Folk guitar pieces will often apply fingerstyle patterns combined with underlying bass runs. This creates a beautiful effect across chord changes by highlighting chord tones in the upper register while imposing bass lines in the lower. Follow along with this easy to understand lesson plan and learn how you can begin performing bass string patterns for folk ballads…
Q: I am a 50+ year old guitar enthusiast just getting back into the swing of things with playing the instrument seriously once again. And, I wanted to know if there was a chance to get you to teach a lesson covering Folk Guitar Ballads? I love those interesting bass patterns that get harmonized with sung melodies. Can you cover the thumb in the bass finger picking techniques found in classic Folk Ballads.
– Kurt, Pine Bluff, Arkansas
A: Thanks for writing in Kurt. In this video I will break down one of my favorite ways of picking a slow ballad. I will focus on the use of a swing feel, and apply a repeating treble line with index & middle finger plucking.
To enhance the flow of the part, I will add an accompanied bass-line by using the thumb to perform different low-register patterns.
I will also explain how the bass-line patterns can be adjusted to match the melody.
INITIATING BASS STRING PATTERNS:
Picking patterns on guitar are best developed from out of a simple plucking structure.
To begin practice of this technique, use the first example (example #1.a) of the handout as a way to establish basic picking structure.
Afterward, move on to the second example (example #1b.) to learn how the bass-note can begin producing a simple movement.
ENHANCED BASS-NOTE (VERTICAL):
The bass pattern of any finger-picked line can flow in a linear manner, (following a scale), or it can flow with a more vertical structure.
In example 2 of the handout, a bass-line pattern operates vertical through tones associated to the notes of a “C Major” open position chord.
Learn the pattern first.

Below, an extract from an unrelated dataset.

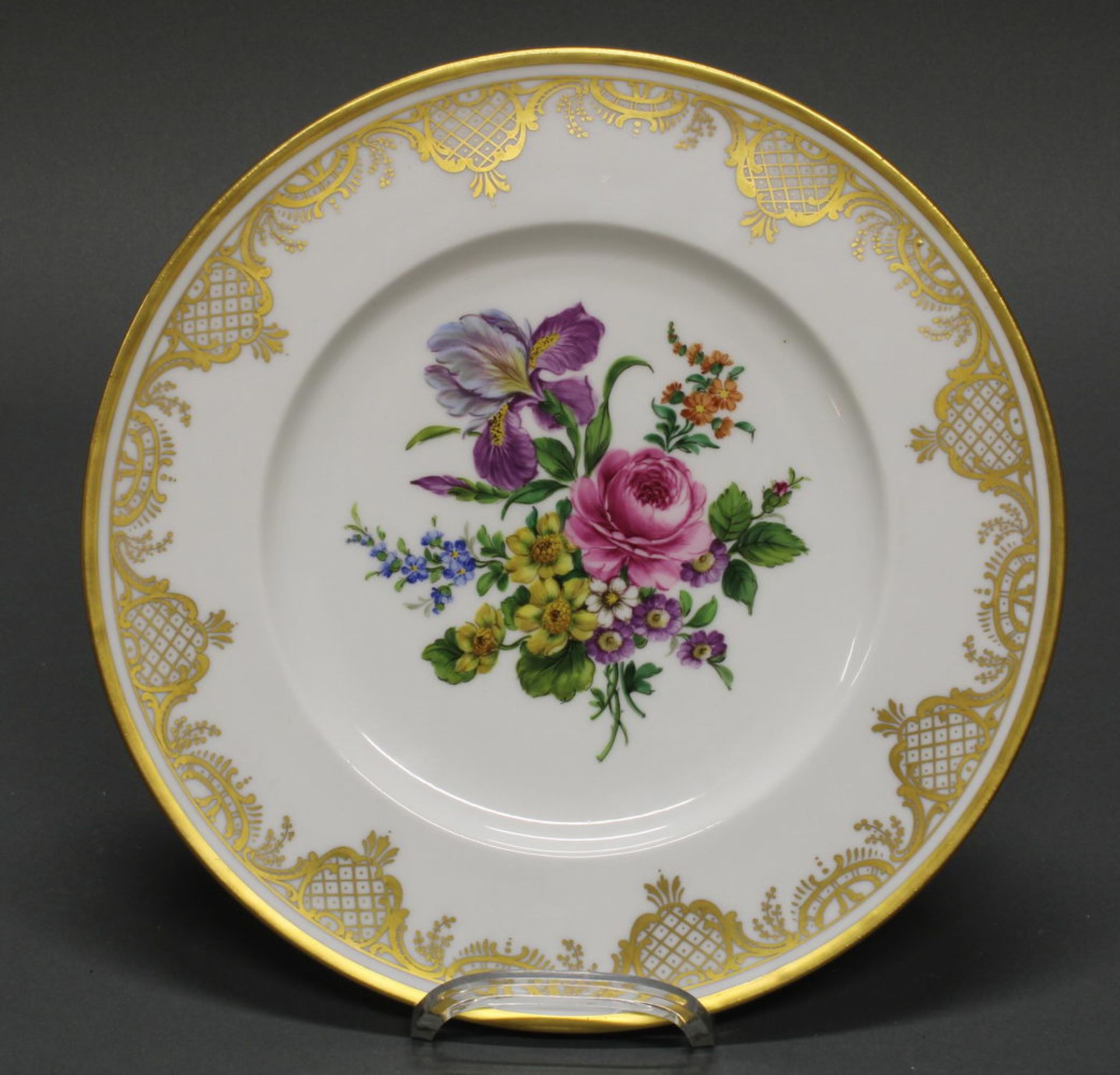 Teller, Meissen, Schwertermarke, 1850-1914,, 2. Wahl, buntes Blumenbukett, Fahne mit Goldzierrat, G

Then, when the pattern becomes more familiar, turn on a metronome and build your precision and speed.
LONGER PHRASES (MULTI-CHORD):
Adding chord changes will always present new opportunities for how patterns of bass-note lines can operate musically. In example 3, the chord changes move through; “C, Am, Dm and G7.”
This chord progression (in the 3rd example), creates a number of bass-tone shifts between the 6th to the 4th guitar strings.

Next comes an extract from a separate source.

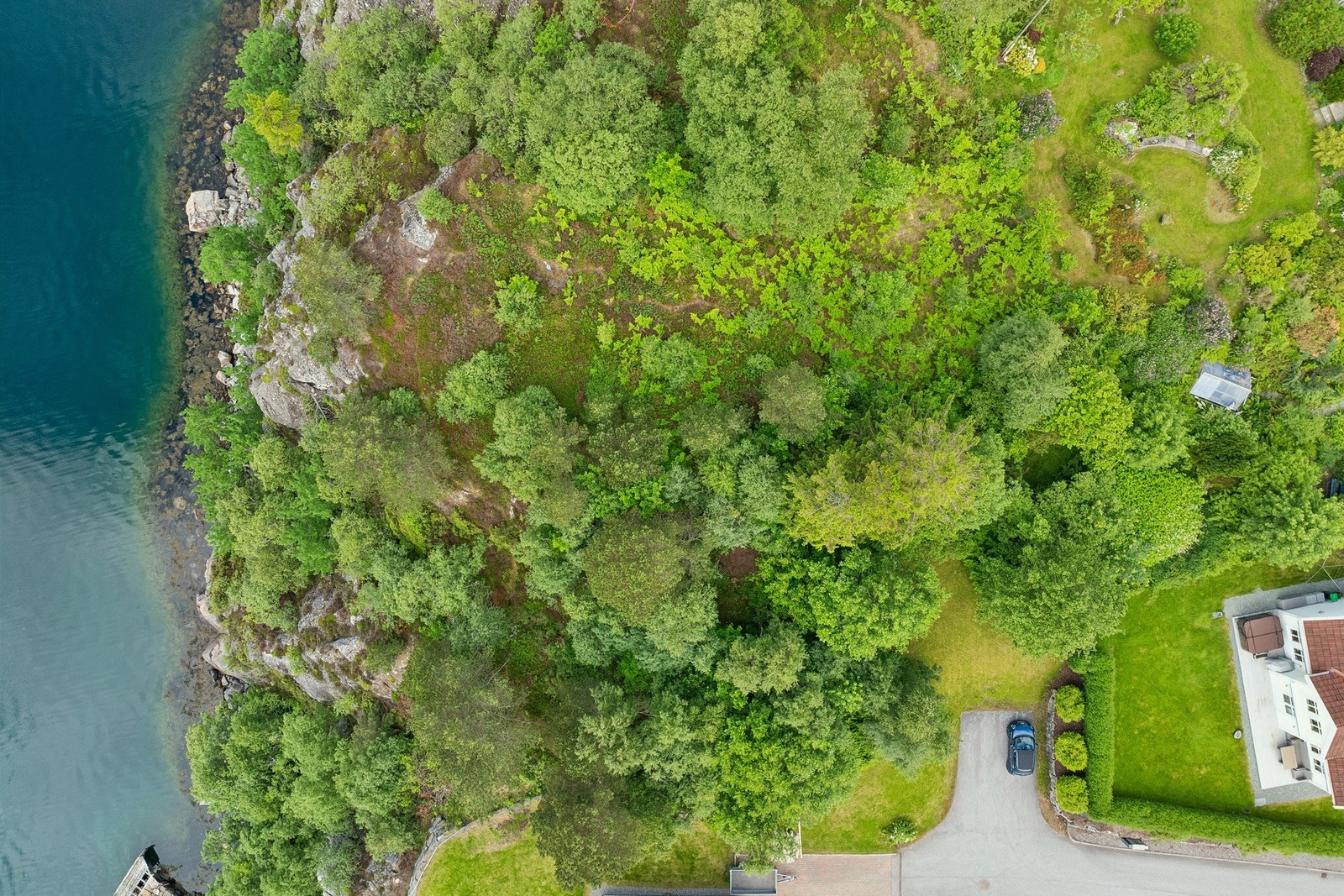 Vann og avløp er tilgjengelig i nærheten av tomtegrensen, og det foreligger tinglyst veirett til eiendommen, se salgsoppgave for mer informasjon. Galleribilde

Study each phrase on its own, and then develop the piece as a whole. Use a metronome or drum machine to build your speed and accuracy once the phrase becomes well antiquated to you.
The final study of this lesson explores phrases that involve a number of blended finger-picked patterns that are combined with fairly involved bass-tone movement.
An “arpeggiated” approach is used throughout the example piece (performed at the start of the video lesson), to highlight open and 1st-position chord tones.
The chord changes flow across the various chord movements on a per measure basis. They work to cover busy vertical bass pattern phrasing. This style of chord phrasing will tend to occur in many different folk songs.